### Records for this exercise
---

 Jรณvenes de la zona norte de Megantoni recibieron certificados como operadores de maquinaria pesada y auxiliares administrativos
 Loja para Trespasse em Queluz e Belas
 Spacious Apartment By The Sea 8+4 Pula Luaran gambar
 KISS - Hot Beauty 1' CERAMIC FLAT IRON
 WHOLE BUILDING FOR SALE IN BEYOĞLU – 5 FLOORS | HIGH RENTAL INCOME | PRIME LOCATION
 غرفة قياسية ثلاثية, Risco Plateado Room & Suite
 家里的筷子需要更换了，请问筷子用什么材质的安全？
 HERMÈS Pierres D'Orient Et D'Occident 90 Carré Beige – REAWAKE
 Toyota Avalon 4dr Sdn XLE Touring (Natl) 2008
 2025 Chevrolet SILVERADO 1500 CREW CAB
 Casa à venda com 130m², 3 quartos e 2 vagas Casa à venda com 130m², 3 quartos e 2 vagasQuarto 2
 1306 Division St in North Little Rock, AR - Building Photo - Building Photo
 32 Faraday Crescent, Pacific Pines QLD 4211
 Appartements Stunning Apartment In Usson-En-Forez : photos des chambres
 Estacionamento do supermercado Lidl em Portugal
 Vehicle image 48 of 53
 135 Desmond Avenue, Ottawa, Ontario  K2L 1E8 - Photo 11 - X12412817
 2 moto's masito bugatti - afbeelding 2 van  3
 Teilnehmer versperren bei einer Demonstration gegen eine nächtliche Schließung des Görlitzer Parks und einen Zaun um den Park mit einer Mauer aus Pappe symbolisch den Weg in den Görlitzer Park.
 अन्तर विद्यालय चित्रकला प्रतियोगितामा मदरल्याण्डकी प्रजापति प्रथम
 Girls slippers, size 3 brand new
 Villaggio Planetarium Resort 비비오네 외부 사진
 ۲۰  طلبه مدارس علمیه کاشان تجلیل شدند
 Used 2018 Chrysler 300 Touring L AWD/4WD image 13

---

### What needs to be done
The response should hold exactly the lines starting at the line with "WHOLE BUILDING FOR" and ending at the line with "2025 Chevrolet SILVERADO 1500 CREW CAB", and no other line of the material above.

### Worked solution
 WHOLE BUILDING FOR SALE IN BEYOĞLU – 5 FLOORS | HIGH RENTAL INCOME | PRIME LOCATION
 غرفة قياسية ثلاثية, Risco Plateado Room & Suite
 家里的筷子需要更换了，请问筷子用什么材质的安全？
 HERMÈS Pierres D'Orient Et D'Occident 90 Carré Beige – REAWAKE
 Toyota Avalon 4dr Sdn XLE Touring (Natl) 2008
 2025 Chevrolet SILVERADO 1500 CREW CAB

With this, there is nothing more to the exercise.